Happy Valentine’s Day You,
I hope you are spending it with your Valentine. Someone that turns your gray sky blue.
Are you in love? That kind of love that is so strong it actually hurts. Have you ever felt that? I am grateful that my heart has felt this twice. Two very different experiences, both worth every moment, and both will stay with me forever. People have said to me over the years, “why don’t you put yourself out there more?” “You should sign up for one of those apps, meet people.” The truth is, I have, I don’t speak of it much, but I have. I have dated a bit, but when you know what it feels like to be completely consumed by someone, to have your hearts connect, everything else feels empty. My mom has even said, “well, you should go out with him again, one date isn’t enough.” But it is mom. The first time I met my ex-husband I knew there was something that drew me to him. Maybe it was the sassy banter back and forth or maybe it was that we both sang “Faith” by Limp Bizkit at the top of our lungs together, but there was an instant connection, a chemistry that you cannot ignore. Though our relationship ended, I treasure every moment of it, the good and bad. It was the perfect first love. It was magical. We had the kind of love that you see in the movies, where you think, yea ok that isn’t real. But it was, it was very real. My heart felt his in a way I never knew could exist. No matter how far apart we were, how long it had been since we’d talked, I knew inside when I was going to hear his voice. My body reacted. I would be emotional all day, no reason at all, except that in a matter of hours he would call. There was an energy that I still cannot explain. If you have felt this, then you know what I’m talking about. You may be thinking, what happened? Why didn’t it last? It is still there, it will always be in my heart, it is a different kind of love now. As for what happened? Well, I’ll save that for another letter.
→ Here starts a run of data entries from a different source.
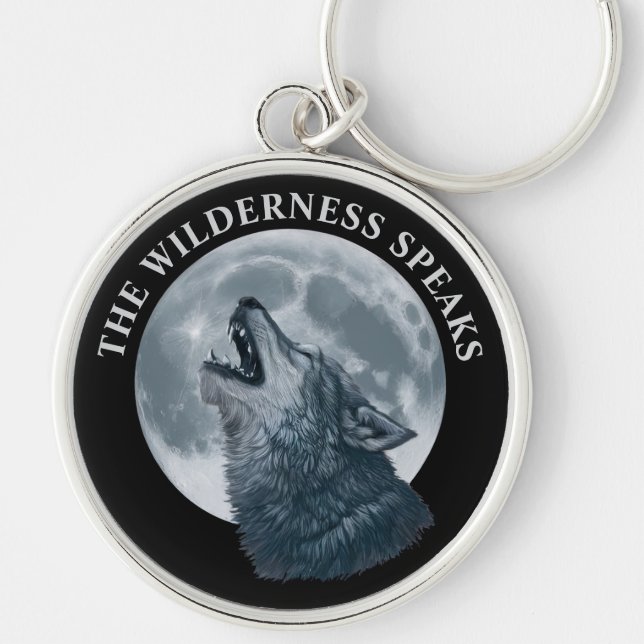 Howling Wolf and Moon  Keychain (Front)
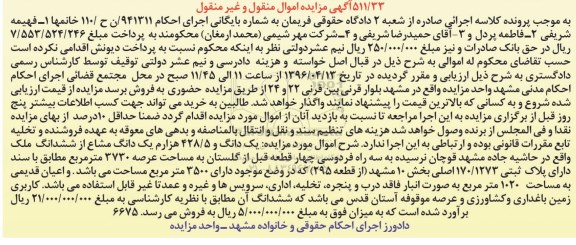 مزایده,مزایده یک دانگ و 428.5 هزارم یک دانگ مشاع از ملک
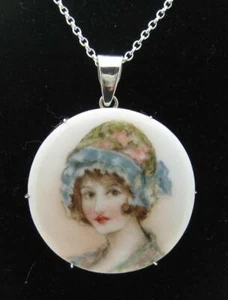 LOVELY ESTATE VINTAGE PRETTY LADY CERAMIC STERLING SILVER PENDANT NECKLACE, 20" - Picture 1 of 9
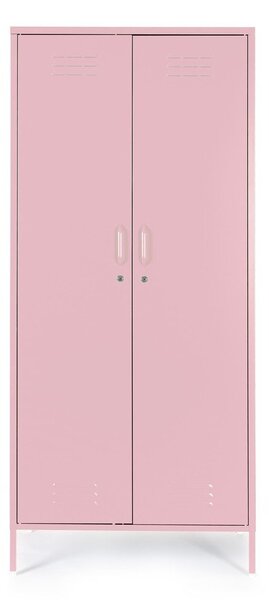 Jasnoróżowa metalowa szafka z zamkiem 80x185x50 cm Cambridge – Yes Everyday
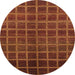 Round Machine Washable Abstract Saffron Red Rug, wshabs1581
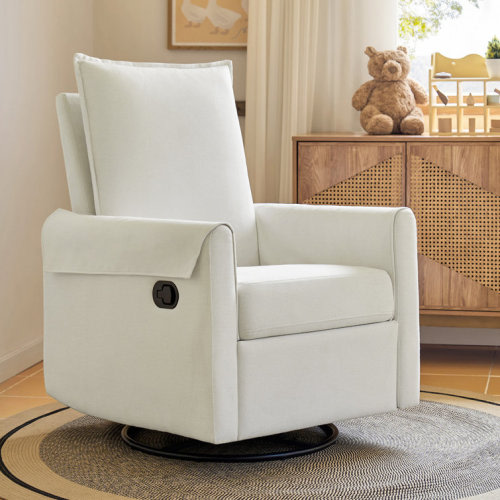 Keech 29.5" Slipcovered Swivel Rocker Manual Nursery Recliner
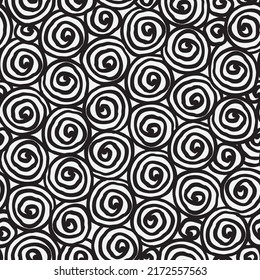 Resumen de un patrón impecable con garabatos negros en espiral sobre un fondo blanco. Fondo de repetición vectorial, impresión gráfica para textiles, ropa, papel de envoltura o papel tapiz. Textura de mano alzada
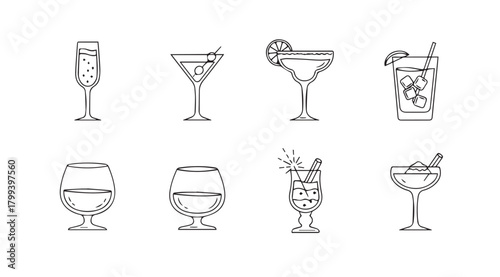 Collection of hand drawn cocktail glasses in a distinctive silhouette style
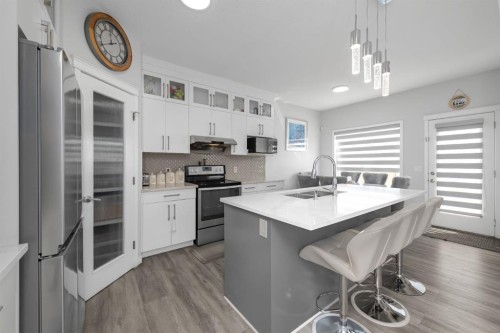 50 Saddleland Crescent Ne, Calgary, AB - Indoor Photo Showing Kitchen With Stainless Steel Kitchen With Double Sink With Upgraded Kitchen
The second person, he captured my heart when I thought it wasn’t possible. After my ex-husband, I was in pieces, I didn’t know if I would be capable of opening back up again. But when I met him, there was a flutter inside. A feeling I hadn’t felt in years. The pieces were coming back together again. My heart was not in pain anymore, when it saw his. We went on a few dates and I was smitten, smiling inside and out. His kisses, those hugs, I’ll never forget them. In his arms is where I felt safe. The difference this time was that his beautiful heart didn’t see mine. We became friends, and still are. Even though his heart doesn’t see mine the same way, mine would feel empty with out his.
Will my heart feel this way again? I don’t know. I hope so.